Aucun artiste n’a autant façonné la musique de la guérilla kurde que Hozan Serhat. Il était à la fois musicien, révolutionnaire et guérillero. Sa voix et son style musical exceptionnel ont enchanté tout un peuple.
Tout a commencé par une corde cassée d’un tembûr. Alors que Süleyman Alpdoğan (Hozan Serhat), âgé de sept ans, manipulait le luth à long manche de son frère, une grosse dispute éclate entre les deux frères. Arif Alpdoğan se souvient : « Nous avions économisé pendant un an pour acheter ce tembûr. C’est probablement pour cela qu’il était sacré pour nous. Suleyman me le volait dès qu’il le pouvait et essayait de comprendre comment en jouer.

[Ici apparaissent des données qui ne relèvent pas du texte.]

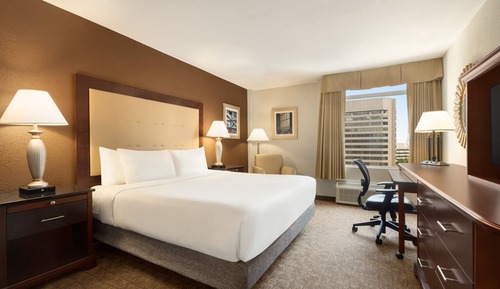 Standard Room, 1 King Bed, Accessible (Communication Accessible)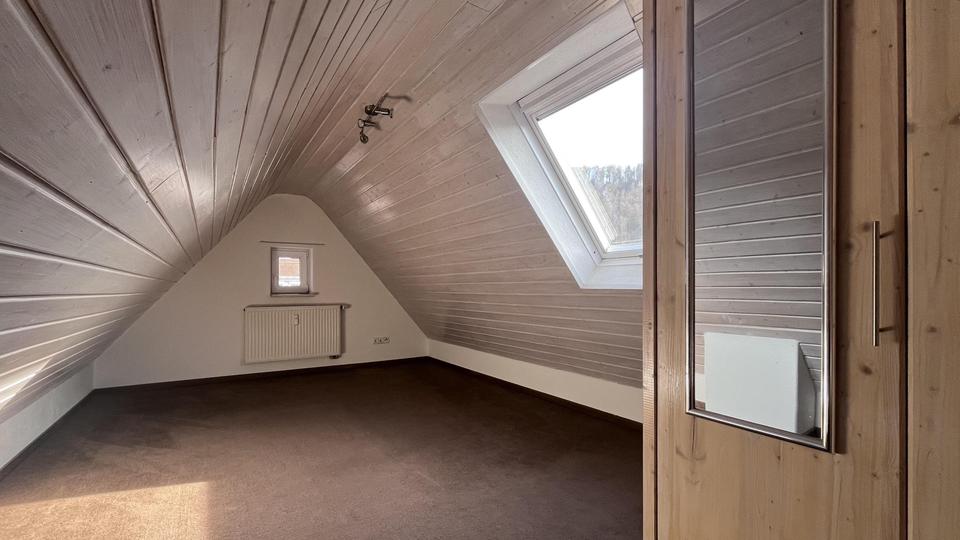 Maisonettenwohnung Albstadt - 6.5 Zimmer, 106 m&sup2;, 1.000&euro; | Angebot:26230201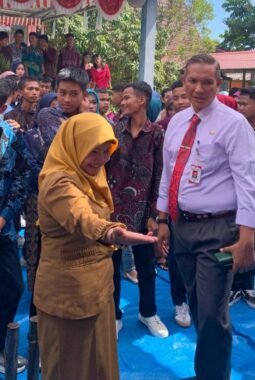 Plt Kadisdik Pekanbaru Hadiri Perpisahan Peserta Didik SMP Negeri 39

Il n’abandonnait jamais. Il était très persévérant. Lorsque la corde s’est cassée, cela a déclenché non seulement une dispute entre nous, mais aussi sa passion pour la musique qui ne l’a jamais quitté jusqu’à sa mort. »
Un « enfant chanteur » à Unkapanı
Hozan Serhat naît le 24 juillet 1970 à Eleskirt, dans le nord de la province d’Agri. Cadet d’une fratrie de cinq enfants, il perd son père alors qu’il n’est âgé que d’un an. La mère est les enfants retournent alors vivre à Patnos, un autre district d’Agri. « C’était un garçon très intelligent. Un an après notre dispute à propos de la corde cassée, il était bien meilleur que moi au tembûr. Le moment était donc venu pour moi de le soutenir de toutes les manières possibles », confie Arif Alpdoğan.
En 1985, Hozan Serhat tente sa chance à Unkapanı. Le quartier européen d’Istanbul était alors le centre de l’industrie musicale commerciale en Turquie. Sous le pseudonyme de Murat Esen, il y enregistre son premier album « Gûlo ». C’était l’époque des « enfants chanteurs » qui ont proliféré au milieu des années 1980, peu de temps après le coup d’État militaire. Hozan Serhat vit pendant un certain temps avec l’un d’eux, Küçük Emrah. Mais le succès ne vient pas et les difficultés financières le ramènent à Patnos. Là, il termine ses études secondaires. Cependant, sa passion pour la musique l’anime toujours autant.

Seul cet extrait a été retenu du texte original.